__ASSIGNMENT__
Leave out pictures; repeat exactly the lines from the "Позашляховик / Кросовер" line through the last of the data below.

Image-text web data

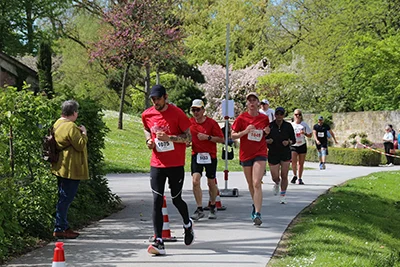 Öhringer Stadtlauf Freizeitlauf 2026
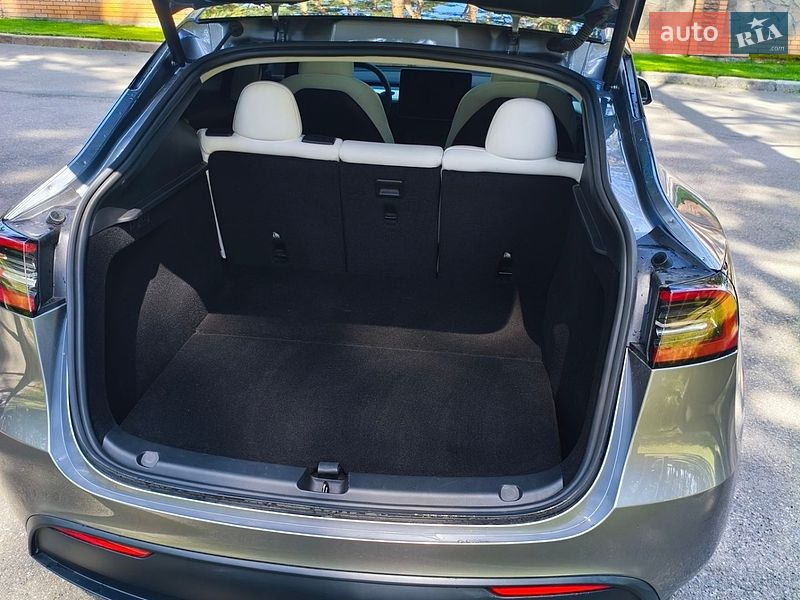 Позашляховик / Кросовер Tesla Model Y 2024 в Чернігові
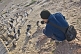 Image of Photographing penguins at the Penguin Colony on the Bahia Camarones.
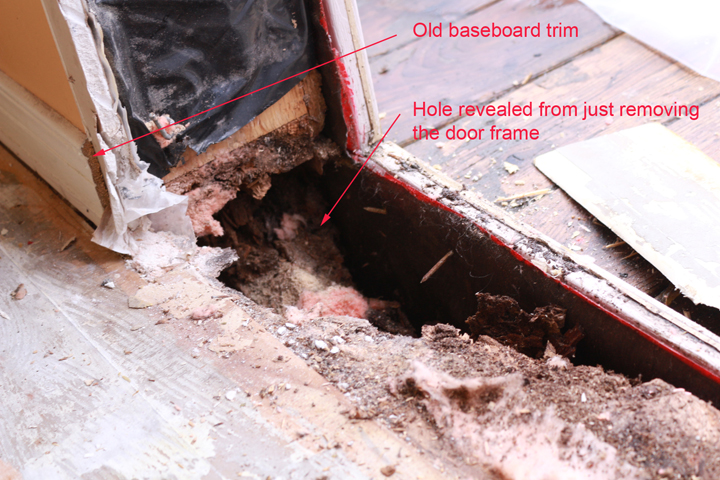 Damage is quite significant: need to expose more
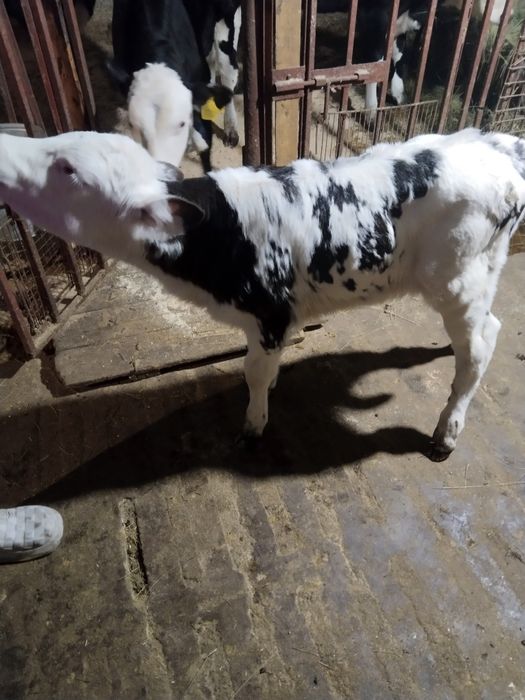 Продам теленка .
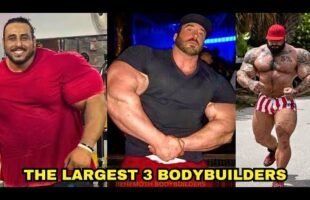 Meet The 3 Biggest Bodybuilders In The World.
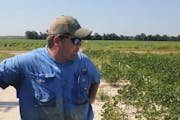 In this Tuesday, July 11, 2017, photo, East Arkansas soybean farmer Reed Storey looks at his field in Marvell, Ark. Storey said half of his soybean cr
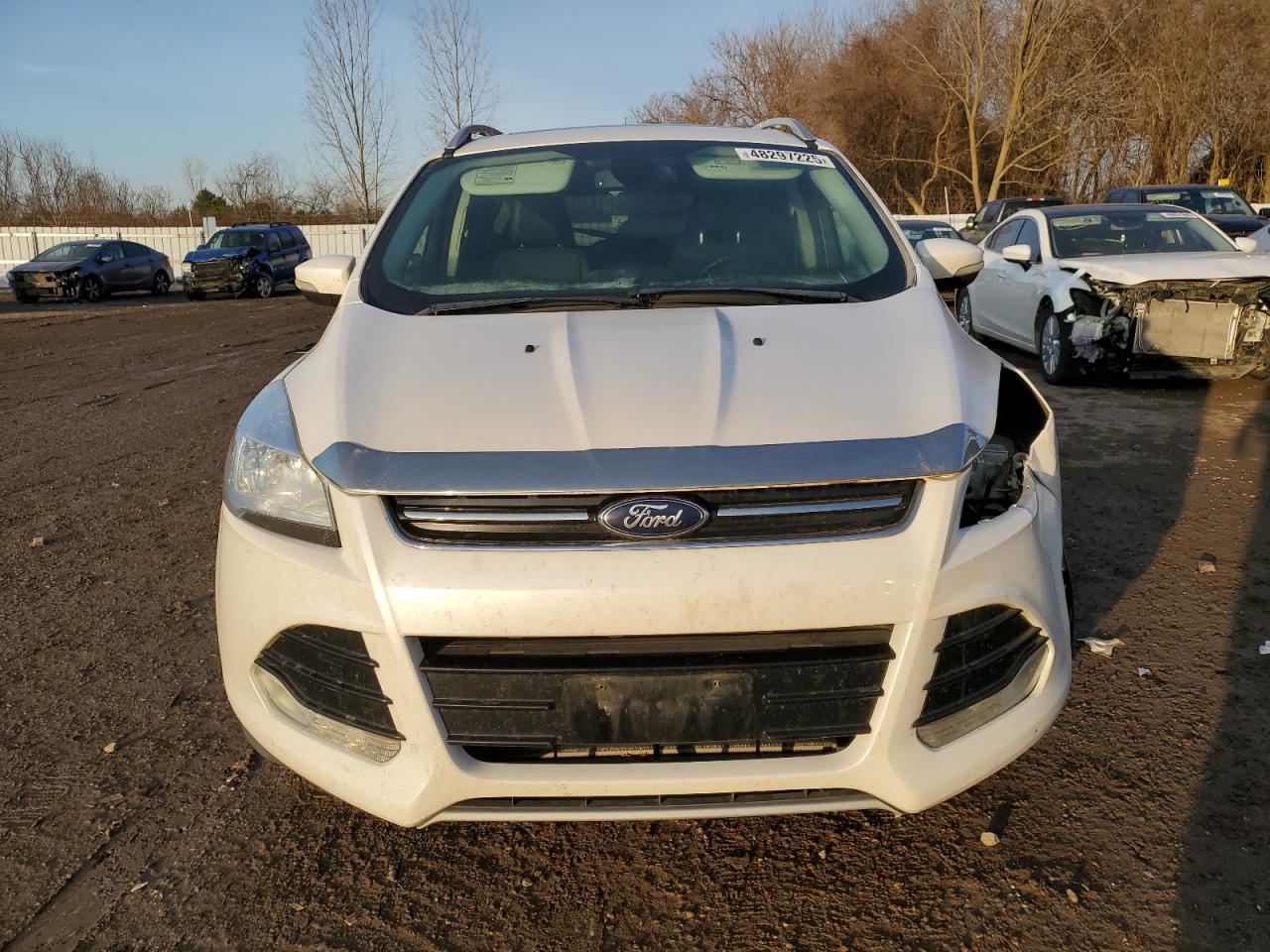 2014 Ford Escape VIN 1FMCU9J91EUD53684 Copart auction photo, side / front end damage thumbnail 5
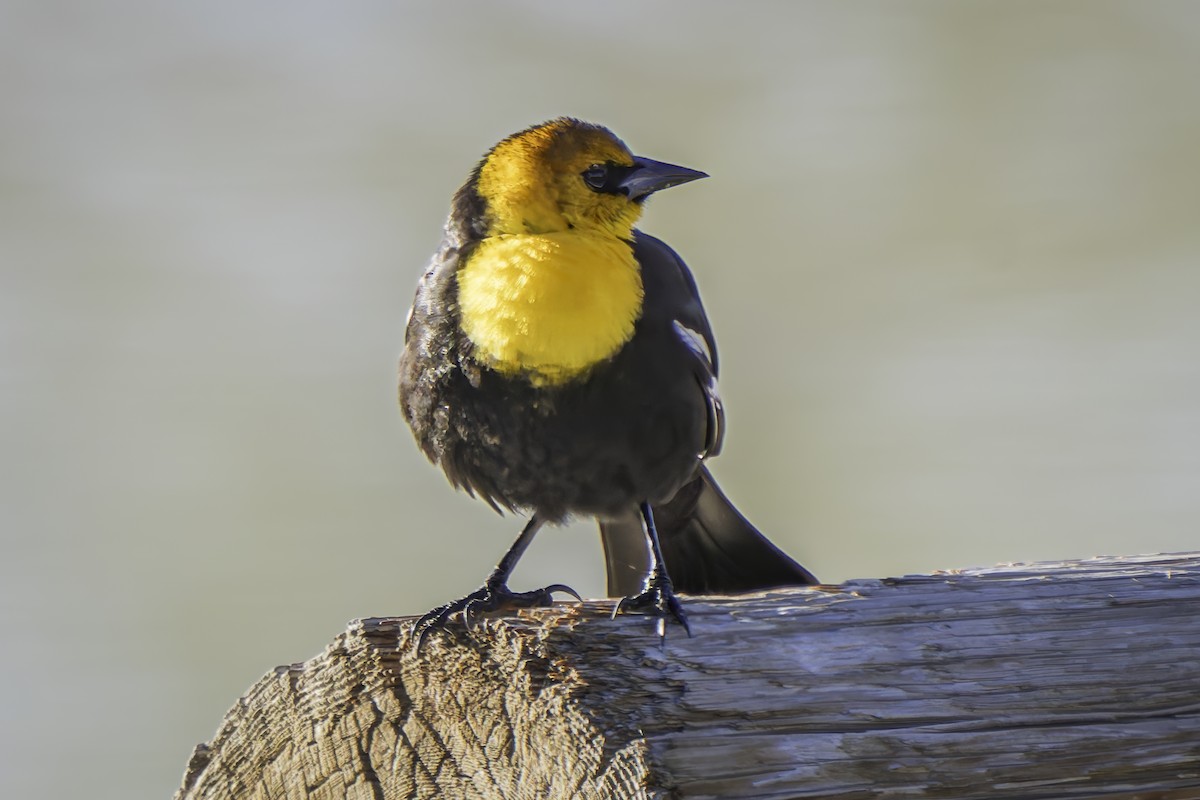 Yellow-headed Blackbird - ML617184417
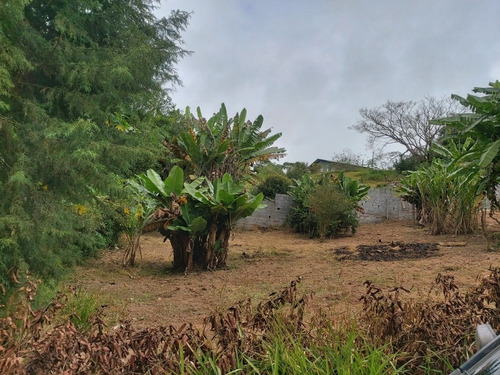Imagem 15 de 16 de Chácara Ibiuna 1.000 Mts Casa Falt. Acabamento E Pomar Prod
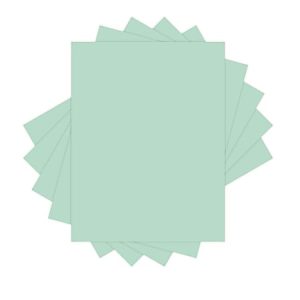 Xerox Vitality Pastel Color Multi-Use Printer & Copier Paper, Letter Size (8 1/2" x 11"), 5000 Total Sheets, 20 Lb, FSC Certified, 30% Recycled, Green, 500 Sheets Per Ream, Case Of 10 Reams
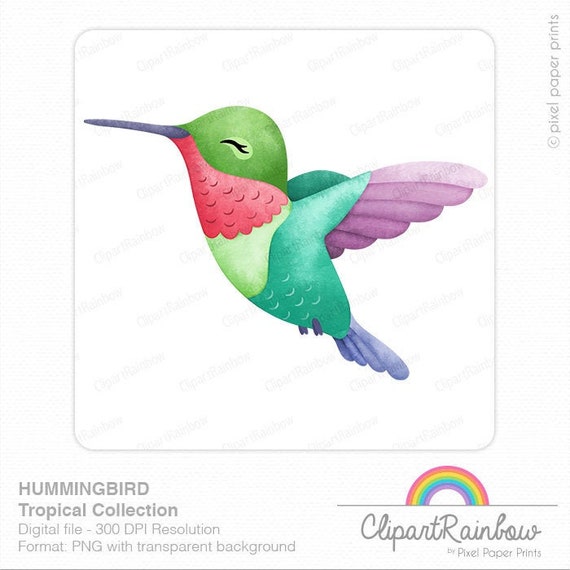 Watercolor Hummingbird Clipart Digital File - Etsy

__RESPONSE TO THIS EXERCISE__
 Позашляховик / Кросовер Tesla Model Y 2024 в Чернігові
 Image of Photographing penguins at the Penguin Colony on the Bahia Camarones.
 Damage is quite significant: need to expose more
 Продам теленка .
 Meet The 3 Biggest Bodybuilders In The World.
 In this Tuesday, July 11, 2017, photo, East Arkansas soybean farmer Reed Storey looks at his field in Marvell, Ark. Storey said half of his soybean cr
 2014 Ford Escape VIN 1FMCU9J91EUD53684 Copart auction photo, side / front end damage thumbnail 5
 Yellow-headed Blackbird - ML617184417
Imagem 15 de 16 de Chácara Ibiuna 1.000 Mts Casa Falt. Acabamento E Pomar Prod
 Xerox Vitality Pastel Color Multi-Use Printer & Copier Paper, Letter Size (8 1/2" x 11"), 5000 Total Sheets, 20 Lb, FSC Certified, 30% Recycled, Green, 500 Sheets Per Ream, Case Of 10 Reams
 Watercolor Hummingbird Clipart Digital File - Etsy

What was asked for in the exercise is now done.